Thursday, January 19, 2017

Honey, There is a Spider in Here

“Honey, there is a spider in here, can you come take care of it? It is a monster!" My wife, Laurie, had spotted the creature on our bathroom ceiling and wanted it dispatched, post haste. When a spider, especially a big one, shows itself in our home, it is up to me to dispose of it. I have often tried to impress upon my loving spouse a more compassionate and cohabitational attitude towards our web-weaving friends. Sharing Navajo cultural stories about spiders and gently encouraging her to overcome her personal fear factor concerning these eight-legged creatures has been, as yet, unsuccessful.

Here at the trading post, Steve and I deal with web weavers on a regular basis. In the Navajo culture, there resides a benevolent being known as Spider Woman; she dwells within the psyche of Navajo rug and basket weavers who frequent our establishment. The aura of Spider Woman surrounds them, tenaciously attached by threads of wool and sumac.

It has been a real adventure becoming familiar with our local weavers. Through the hearts and hands of these artists, Spider Woman spins her web of myth and legend, prolongs a fading culture and expresses her opinions. Materials gathered from the earth are artfully reworked into expressions of the ancient Navajo stories. If you look closely and open your mind, the Navajo perspective begins to come together in a tapestry of form and movement.

Through the weavers, the culture begins to unfold in unique and fascinating ways. What once seemed only visually intriguing becomes doubly stimulating when the stories associated with the weaving are told. Interpretations of a practical and functional belief system are expressed through skills passed from hand to hand through the generations. Tradition, ancient ceremonial practices and suggestions of harmony and balance are woven into exceptional works of art. Spider Woman spins and weaves her magic into each creation.

Mountains, mesas and monuments are stylistically and lovingly portrayed; geometric red rock canyons and scattered juniper trees come alive on these textural canvases. Subtle images such as lizard tracks across a desert sand dune, wispy cloud formations and lively displays of early morning light find their way onto the two dimensional art forms. Their portrayal brings forth depth of field and a feeling of experience that tempts the senses into loftier realms of reality.

Spider Woman lives in the art of those who believe and welcome her into their world. She provides her followers with skill in gathering necessary materials, the patience required for proper preparation and the ability to incorporate singular mental images into the art. With her aid, Navajo weaving becomes more than warp, weft and design. Spider Woman provides the motivation and creativity to produce exceptional art pieces.

It wasn't long after the spider incident with Laurie that her mother and three sisters came to visit. Somehow the fact that I had an affinity for spiders came up, and I was chastised for tolerating their presence for any reason (The spiders, not the sisters-in-law). Laurie and her siblings are sticklers for a clean house, and arachnids do not blend well with that philosophy.

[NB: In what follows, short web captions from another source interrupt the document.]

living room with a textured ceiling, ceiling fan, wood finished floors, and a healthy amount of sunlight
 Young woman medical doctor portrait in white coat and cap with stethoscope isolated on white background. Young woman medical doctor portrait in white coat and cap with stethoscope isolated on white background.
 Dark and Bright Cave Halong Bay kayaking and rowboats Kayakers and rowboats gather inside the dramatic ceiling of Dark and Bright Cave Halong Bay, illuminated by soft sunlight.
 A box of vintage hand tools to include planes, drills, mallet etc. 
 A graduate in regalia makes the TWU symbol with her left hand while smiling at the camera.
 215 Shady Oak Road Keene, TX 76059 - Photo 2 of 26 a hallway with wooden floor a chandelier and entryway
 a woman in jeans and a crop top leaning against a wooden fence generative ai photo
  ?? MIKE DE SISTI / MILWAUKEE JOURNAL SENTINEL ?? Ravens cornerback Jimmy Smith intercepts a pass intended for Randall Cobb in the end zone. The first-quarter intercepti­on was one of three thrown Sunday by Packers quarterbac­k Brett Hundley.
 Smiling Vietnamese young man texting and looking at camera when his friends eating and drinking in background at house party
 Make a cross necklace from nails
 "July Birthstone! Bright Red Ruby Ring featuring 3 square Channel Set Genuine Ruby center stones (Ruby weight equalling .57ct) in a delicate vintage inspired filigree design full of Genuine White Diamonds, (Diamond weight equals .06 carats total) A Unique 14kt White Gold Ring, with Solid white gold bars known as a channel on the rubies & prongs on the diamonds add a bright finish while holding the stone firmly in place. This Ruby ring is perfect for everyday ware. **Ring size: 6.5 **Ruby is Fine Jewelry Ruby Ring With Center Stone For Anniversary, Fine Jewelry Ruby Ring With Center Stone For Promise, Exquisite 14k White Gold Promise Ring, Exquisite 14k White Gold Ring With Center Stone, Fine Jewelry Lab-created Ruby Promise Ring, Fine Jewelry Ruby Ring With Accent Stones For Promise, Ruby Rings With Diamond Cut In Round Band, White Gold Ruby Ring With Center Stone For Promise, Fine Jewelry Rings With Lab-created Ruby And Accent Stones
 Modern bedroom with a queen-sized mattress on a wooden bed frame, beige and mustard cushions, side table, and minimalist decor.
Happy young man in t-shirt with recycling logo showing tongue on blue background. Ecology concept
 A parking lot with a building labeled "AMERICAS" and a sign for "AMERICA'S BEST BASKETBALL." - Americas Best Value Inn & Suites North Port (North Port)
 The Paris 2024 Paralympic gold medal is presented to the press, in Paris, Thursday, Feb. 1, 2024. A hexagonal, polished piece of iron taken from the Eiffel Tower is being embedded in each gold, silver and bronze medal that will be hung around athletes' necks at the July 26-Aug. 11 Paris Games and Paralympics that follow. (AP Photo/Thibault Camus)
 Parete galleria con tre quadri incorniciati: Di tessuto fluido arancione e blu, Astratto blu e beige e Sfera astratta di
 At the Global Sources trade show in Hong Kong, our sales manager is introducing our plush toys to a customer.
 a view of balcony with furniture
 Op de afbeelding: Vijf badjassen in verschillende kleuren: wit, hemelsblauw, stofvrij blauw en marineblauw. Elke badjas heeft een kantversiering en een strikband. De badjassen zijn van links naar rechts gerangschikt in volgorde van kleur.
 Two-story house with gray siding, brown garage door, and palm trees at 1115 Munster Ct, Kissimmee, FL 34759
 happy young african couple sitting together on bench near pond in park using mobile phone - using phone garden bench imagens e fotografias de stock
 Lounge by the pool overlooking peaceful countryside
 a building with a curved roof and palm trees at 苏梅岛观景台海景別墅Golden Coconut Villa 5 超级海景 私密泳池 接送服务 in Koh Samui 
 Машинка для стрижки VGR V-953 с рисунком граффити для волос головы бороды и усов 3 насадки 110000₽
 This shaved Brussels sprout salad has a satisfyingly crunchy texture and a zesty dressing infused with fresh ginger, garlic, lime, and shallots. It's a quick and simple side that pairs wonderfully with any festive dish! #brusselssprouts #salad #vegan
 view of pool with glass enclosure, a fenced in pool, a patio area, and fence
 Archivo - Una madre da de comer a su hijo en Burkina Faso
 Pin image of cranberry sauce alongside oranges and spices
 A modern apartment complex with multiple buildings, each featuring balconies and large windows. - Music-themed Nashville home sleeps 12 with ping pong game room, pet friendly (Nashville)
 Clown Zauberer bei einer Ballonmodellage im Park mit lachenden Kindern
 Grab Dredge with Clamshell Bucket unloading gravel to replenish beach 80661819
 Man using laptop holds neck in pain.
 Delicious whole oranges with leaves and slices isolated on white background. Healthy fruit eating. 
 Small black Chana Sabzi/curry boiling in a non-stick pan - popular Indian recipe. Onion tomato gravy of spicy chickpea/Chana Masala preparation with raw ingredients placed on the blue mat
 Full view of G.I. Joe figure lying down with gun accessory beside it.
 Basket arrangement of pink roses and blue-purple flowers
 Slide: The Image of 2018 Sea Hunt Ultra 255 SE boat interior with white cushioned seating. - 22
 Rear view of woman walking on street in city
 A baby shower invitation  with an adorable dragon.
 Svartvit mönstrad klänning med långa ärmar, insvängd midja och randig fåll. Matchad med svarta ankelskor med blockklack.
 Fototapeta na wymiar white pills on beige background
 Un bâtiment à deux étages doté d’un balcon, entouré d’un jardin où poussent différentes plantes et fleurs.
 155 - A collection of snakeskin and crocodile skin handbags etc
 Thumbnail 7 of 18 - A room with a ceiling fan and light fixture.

Before I knew it my in-laws had formed a posse and rounded up three more of my crawly associates. Much to my dismay the "tidy team of bug bashers" banished the creatures to the rich earth of the flower garden. I am having trouble convincing my family that spiders are good and beneficial allies. I may have to weave a web of deceit and liberate those spiders from their snowy exile. I know the perfect little corner where they will have the opportunity to grow and prosper.